§ **Task objective**: Line by line, the entries below are to be reproduced unaltered.

§ **Supplied data**:
- Opening Delimiter -

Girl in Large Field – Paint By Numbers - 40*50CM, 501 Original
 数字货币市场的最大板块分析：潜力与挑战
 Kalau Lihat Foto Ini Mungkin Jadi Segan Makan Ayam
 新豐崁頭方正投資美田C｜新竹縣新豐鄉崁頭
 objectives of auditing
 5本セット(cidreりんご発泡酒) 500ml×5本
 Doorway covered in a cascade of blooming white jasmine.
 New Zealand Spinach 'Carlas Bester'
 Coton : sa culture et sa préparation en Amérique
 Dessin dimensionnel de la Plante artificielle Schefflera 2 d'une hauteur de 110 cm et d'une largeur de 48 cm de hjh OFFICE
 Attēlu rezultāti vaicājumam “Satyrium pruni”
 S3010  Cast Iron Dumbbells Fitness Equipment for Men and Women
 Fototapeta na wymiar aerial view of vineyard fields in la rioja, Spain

- Closing Delimiter -

§ **Exercise result**:
Girl in Large Field – Paint By Numbers - 40*50CM, 501 Original
 数字货币市场的最大板块分析：潜力与挑战
 Kalau Lihat Foto Ini Mungkin Jadi Segan Makan Ayam
 新豐崁頭方正投資美田C｜新竹縣新豐鄉崁頭
 objectives of auditing
 5本セット(cidreりんご発泡酒) 500ml×5本
 Doorway covered in a cascade of blooming white jasmine.
 New Zealand Spinach 'Carlas Bester'
 Coton : sa culture et sa préparation en Amérique
 Dessin dimensionnel de la Plante artificielle Schefflera 2 d'une hauteur de 110 cm et d'une largeur de 48 cm de hjh OFFICE
 Attēlu rezultāti vaicājumam “Satyrium pruni”
 S3010  Cast Iron Dumbbells Fitness Equipment for Men and Women
 Fototapeta na wymiar aerial view of vineyard fields in la rioja, Spain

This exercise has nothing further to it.